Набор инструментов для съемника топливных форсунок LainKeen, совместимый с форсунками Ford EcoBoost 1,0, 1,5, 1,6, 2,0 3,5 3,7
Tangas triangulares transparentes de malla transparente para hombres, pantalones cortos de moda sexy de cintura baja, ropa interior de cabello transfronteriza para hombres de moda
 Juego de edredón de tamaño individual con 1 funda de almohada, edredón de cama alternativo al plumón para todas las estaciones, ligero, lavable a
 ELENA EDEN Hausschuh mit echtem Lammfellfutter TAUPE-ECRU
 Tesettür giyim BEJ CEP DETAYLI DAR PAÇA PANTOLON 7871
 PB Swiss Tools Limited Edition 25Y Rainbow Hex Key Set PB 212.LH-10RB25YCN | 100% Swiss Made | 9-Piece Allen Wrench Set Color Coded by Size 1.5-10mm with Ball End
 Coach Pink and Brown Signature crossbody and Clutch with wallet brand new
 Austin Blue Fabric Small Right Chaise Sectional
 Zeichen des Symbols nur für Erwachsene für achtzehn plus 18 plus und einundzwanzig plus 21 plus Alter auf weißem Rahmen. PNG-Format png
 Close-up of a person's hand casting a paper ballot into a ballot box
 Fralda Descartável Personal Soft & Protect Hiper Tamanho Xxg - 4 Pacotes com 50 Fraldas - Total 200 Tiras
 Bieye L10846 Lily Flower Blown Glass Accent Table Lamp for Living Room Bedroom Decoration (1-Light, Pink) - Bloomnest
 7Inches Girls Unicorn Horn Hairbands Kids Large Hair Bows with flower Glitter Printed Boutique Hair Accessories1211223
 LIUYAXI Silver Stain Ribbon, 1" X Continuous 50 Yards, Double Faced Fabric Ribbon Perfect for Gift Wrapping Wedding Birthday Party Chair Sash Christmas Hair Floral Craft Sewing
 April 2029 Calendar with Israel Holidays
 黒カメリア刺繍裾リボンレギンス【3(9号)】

BRIEF — All lines in the listing above with the string "Hair" should be returned.

ANSWER TO THE EXERCISE —
 7Inches Girls Unicorn Horn Hairbands Kids Large Hair Bows with flower Glitter Printed Boutique Hair Accessories1211223
 LIUYAXI Silver Stain Ribbon, 1" X Continuous 50 Yards, Double Faced Fabric Ribbon Perfect for Gift Wrapping Wedding Birthday Party Chair Sash Christmas Hair Floral Craft Sewing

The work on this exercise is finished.